O CAMINHO DA SERPENTE

"Reconhecer a verdade como verdade, e ao mesmo tempo como erro; viver os contrários, não os aceitando; sentir tudo de todas as maneiras, e não ser nada, no fim, senão o entendimento de tudo [...]".

"Ela atravessa todos os mistérios e não chega a conhecer nenhum, pois lhes conhece a ilusão e a lei. Assume formas com que, e em que, se nega, porque, como passa sem rasto recto, pode deixar o que foi, visto que verdadeiramente o não foi. Deixa a Cobra do Éden como pele largada, as formas que assume não são mais que peles que larga.
E quando, sem ter tido caminho, chega a Deus, ela, como não teve caminho, passa para além de Deus, pois chegou ali de fora"

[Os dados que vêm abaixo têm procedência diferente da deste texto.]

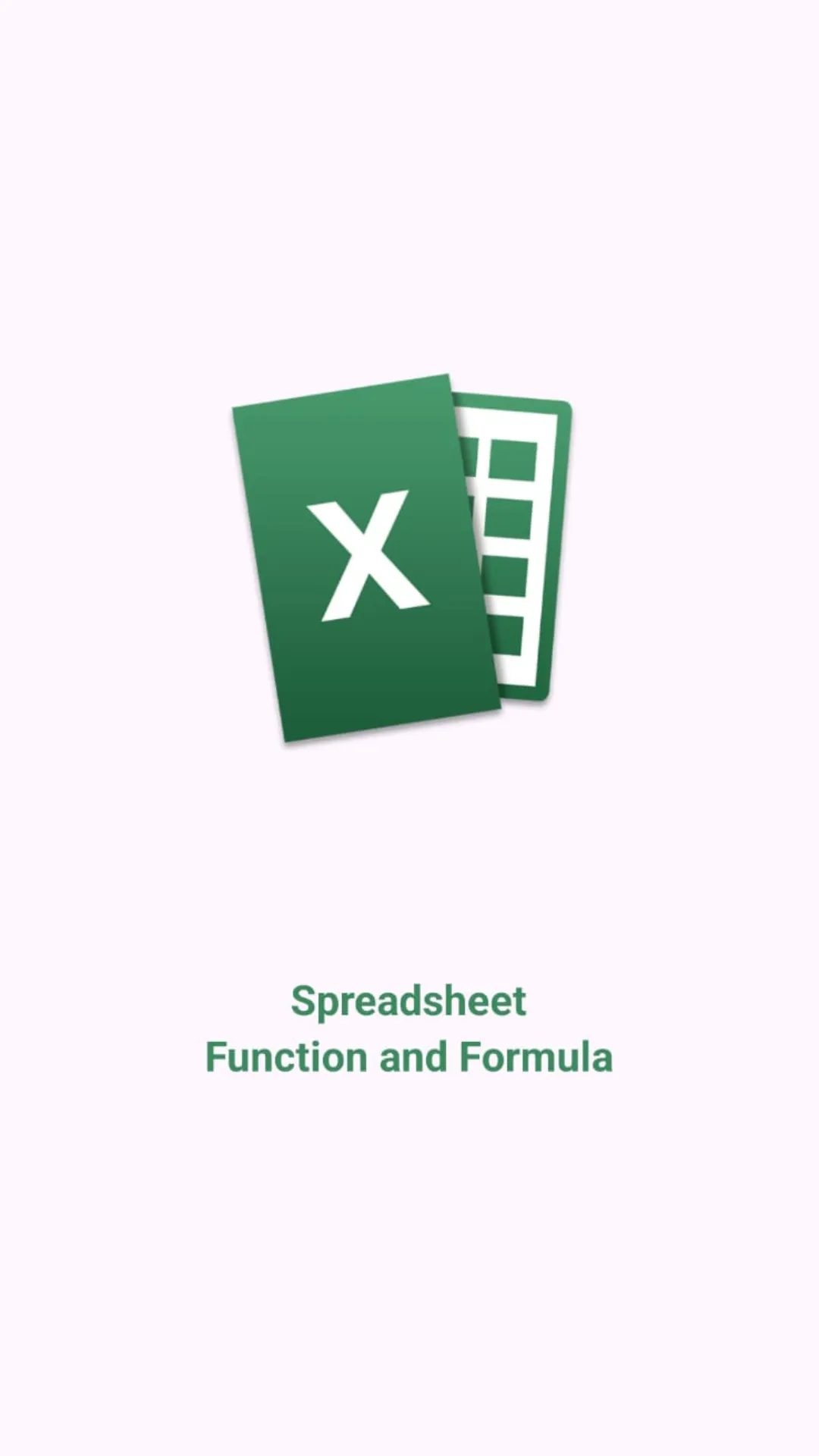 Spreadsheet Function & Formula | Indus Appstore | Screenshot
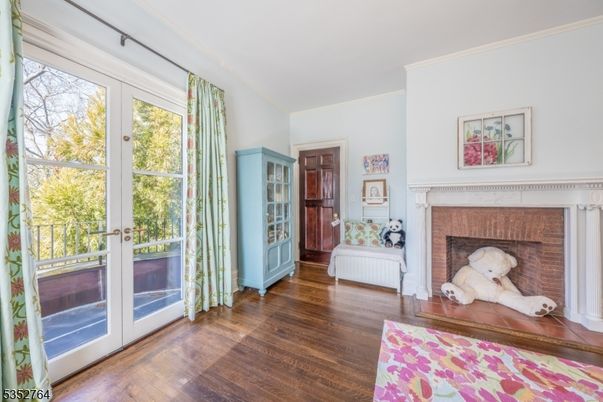 Fireplace, Interior, Wood Texture Flooring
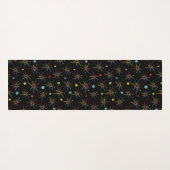 Retro Dot Custom Colors Yogamatte (Rückseite (Horizontal))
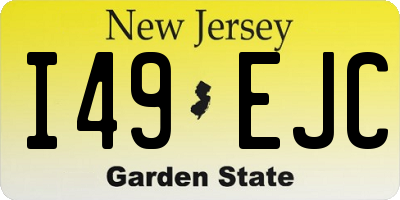 NJ license plate I49EJC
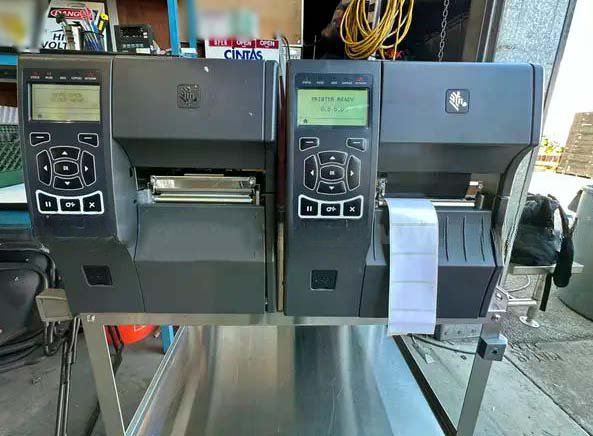 图为 已使用的 ZEBRA ZT-410 待售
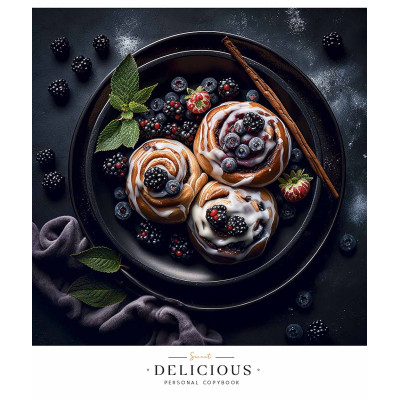 Зошит Школярик Delicious desserts 96 аркушів лінія (096-3367L)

- Fernando Pessoa, O Caminho da Serpente

Saúde, Irmãos ! É a Hora !


domingo, 1 de março de 2009

Canção de uma sombra


Ai, se não fosse a névoa da manhã
E a velhinha janela onde me vou
Debruçar para ouvir a voz das causas,
Eu não era o que sou.


Se não fosse esta fonte que chorava
E como nós, cantava e que secou ...
E este sol que eu comungo, de joelhos,
Eu não era o que sou.


Ai, se não fosse este luar que chama
Os aspectos à Vida, e se infiltrou,
Como fluido mágico, em meu ser,
Eu não era o que sou.


E se a estrela da tarde não brilhasse;
E se não fosse o vento que embalou
Meu coração e as nuvens nos seus braços
Eu não era o que sou.


Ai, se não fosse a noite misteriosa
Que meus olhos de sombras povoou
E de vozes sombrias meus ouvidos,
Eu não era o que sou.


Sem esta terra funda e fundo rio
Que ergue as asas e sobe em claro vôo;
Sem estes ermos montes e arvoredos
Eu não era o que sou.


TEIXEIRA DE PASCOAES
(1877-1952)

6 comentários:

Anónimo disse...

Eu também não era o que sou sem o Pascoaes. Muito obrigada pelo permanente regresso à poesia e à sua força secreta na vida interior da alma.
E pela selecção e pela presença.

Liliana Gonçalves disse...

obrigada pelas palavras.

é sempre bom colher palavras do vento, e sobretudo de ventos do bem.

Boa noite.

Anónimo disse...

olá isabel, quem vem por 'bem' é sempre benvinda.

Anónimo disse...

Interdependência. Também sem o nada nada seria.

Anónimo disse...

Olá Baal! Que bom que me reconheça nos nomes que um dia procurarei ter e ser. Ser como o vento. Mas foi o poema que a Liliana e outras tantas pessoas de boa vontade e, em momentos difíceis, me fizeram senti-los, aos ventos, como a travessia possível. O Bem será sempre discreto e outros como esse nome o encontrarão. Há nomes que nem ousam ser máscaras, são possibilidades das circunstâncias, são vozes que nos atravessam. Nem têm figura, são forças. Um grande sorriso para os dois. Estou atenta às possibilidades dos outros. E há muitas e neste blogue seguramente. A todos respeito e oiço. O meu peito recolhe-os.

JOÃO SILVA disse...

Teixeira de Pascoaes: um poeta de "Sempre".
Teixeira de Pascoaes: o mergulho no principio da incerteza de Heisengerg na construção de uma poesia única e sempre aberta a incursões sem medida.
Teixeira de Pascoaes: me cuido o maior influenciador de Fernando Pessoa.